La rénovation des thermes de Sidi Harazem de Jean-François Zevaco, le ‘Le Corbusier du Maroc’, est dirigée par l’architecte marocaine Aziza Chaouni, diplômée de l’Université de Columbia. Et d’après le New York Times, qui est “peut-être l’architecte le plus fascinant du monde”? Le ghanéen David Adjaye. Le concepteur du Pavillon Serpentine en 2017? Diébédo Francis Kéré, né au Burkina Faso. La nouvelle génération d’architectes africains ne manque pas d’ambition. Voici trois architectes et leurs projets visionnaires.
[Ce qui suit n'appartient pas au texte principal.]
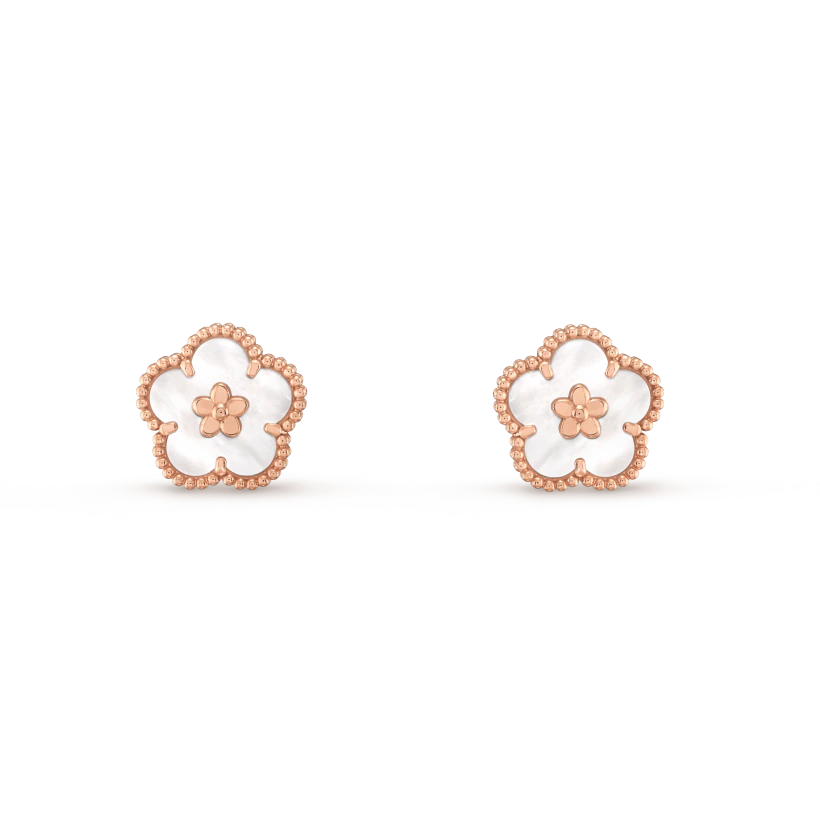 [Vintora]LUCKY PINK GOLD WHITE MOP EARRINGS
Peut-être l’architecte le plus fascinant du monde: David Adjaye

Conçu par Adjaye, le Museum of African American History de Washington a été inauguré en 2016 par le président Barack Obama. ©Getty Images/Passage

De tous les architectes africains, Sir David Adjaye (52 ans) est, à notre avis, le candidat le plus sérieux au prix Pritzker, considéré comme le prix Nobel d’architecture. Il est le seul Africain à avoir eu l’honneur de construire un gratte-ciel dans le quartier financier de New York. Et le seul à avoir été fait chevalier pour sa contribution à l’architecture.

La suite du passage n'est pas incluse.